ACTIVITY: Leaving out every picture, quote the data below exactly as it appears.

SOURCE MATERIAL:
▶

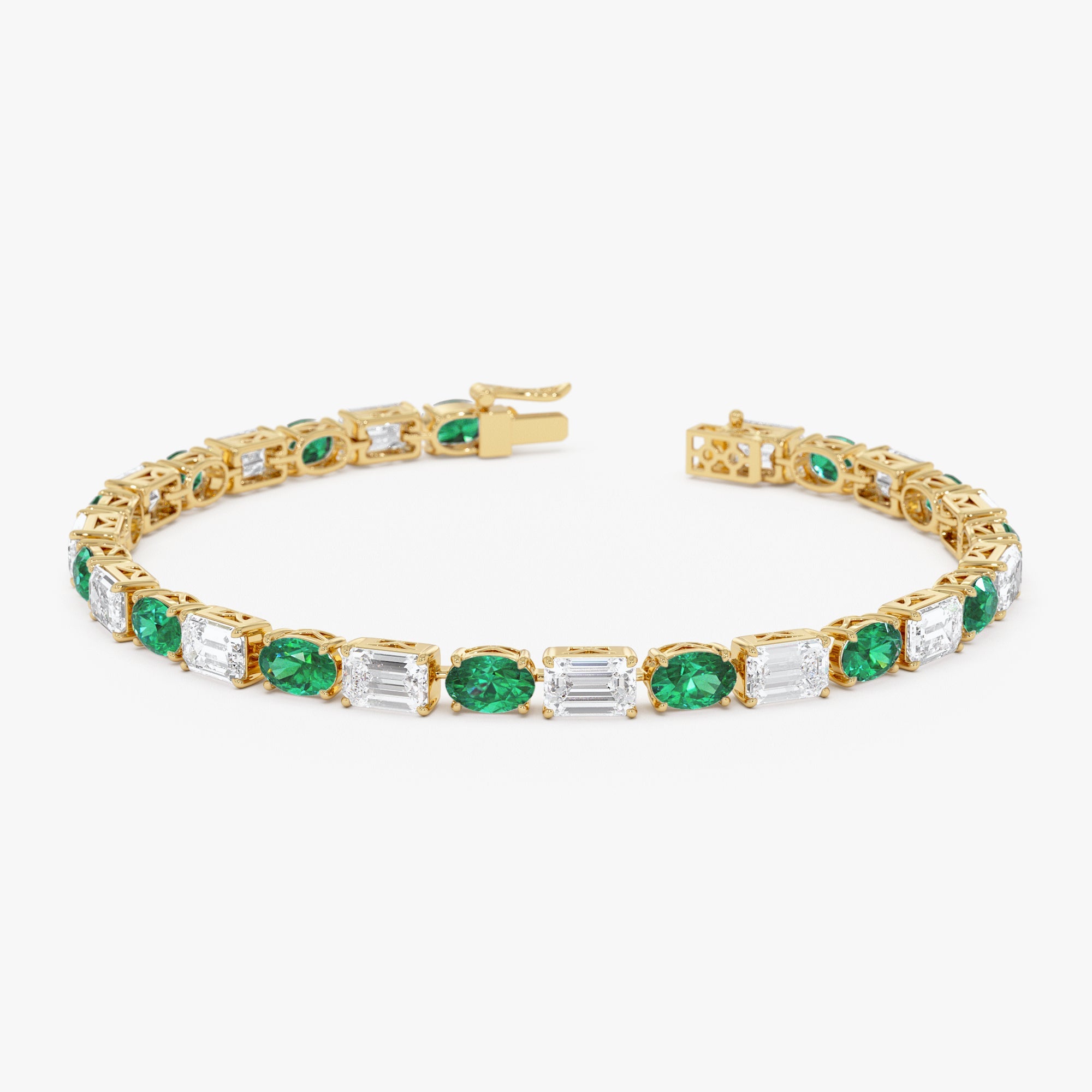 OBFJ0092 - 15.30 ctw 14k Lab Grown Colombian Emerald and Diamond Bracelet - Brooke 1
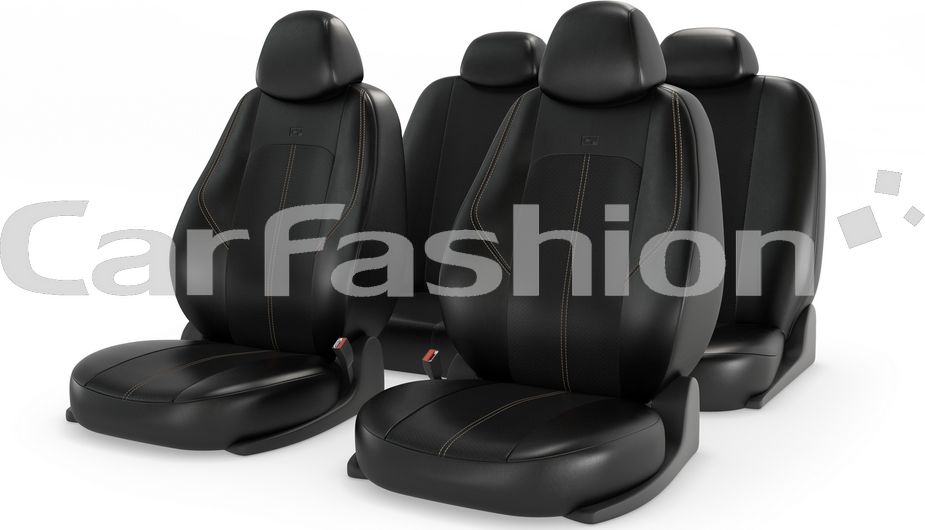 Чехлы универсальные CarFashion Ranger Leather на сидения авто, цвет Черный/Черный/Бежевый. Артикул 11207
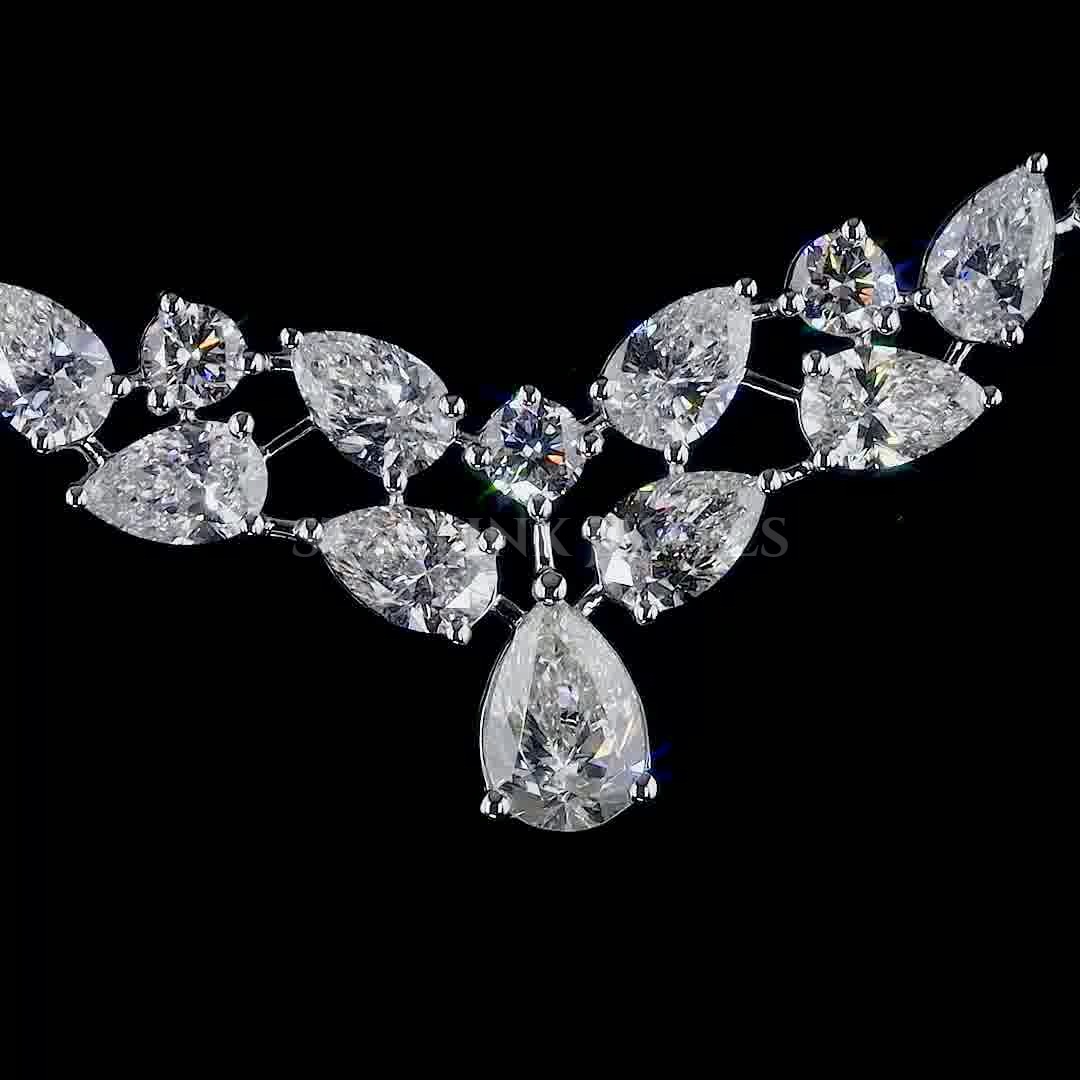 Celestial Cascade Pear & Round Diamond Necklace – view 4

◀

RESPONSE TO THIS EXERCISE:
 OBFJ0092 - 15.30 ctw 14k Lab Grown Colombian Emerald and Diamond Bracelet - Brooke 1
 Чехлы универсальные CarFashion Ranger Leather на сидения авто, цвет Черный/Черный/Бежевый. Артикул 11207
 Celestial Cascade Pear & Round Diamond Necklace – view 4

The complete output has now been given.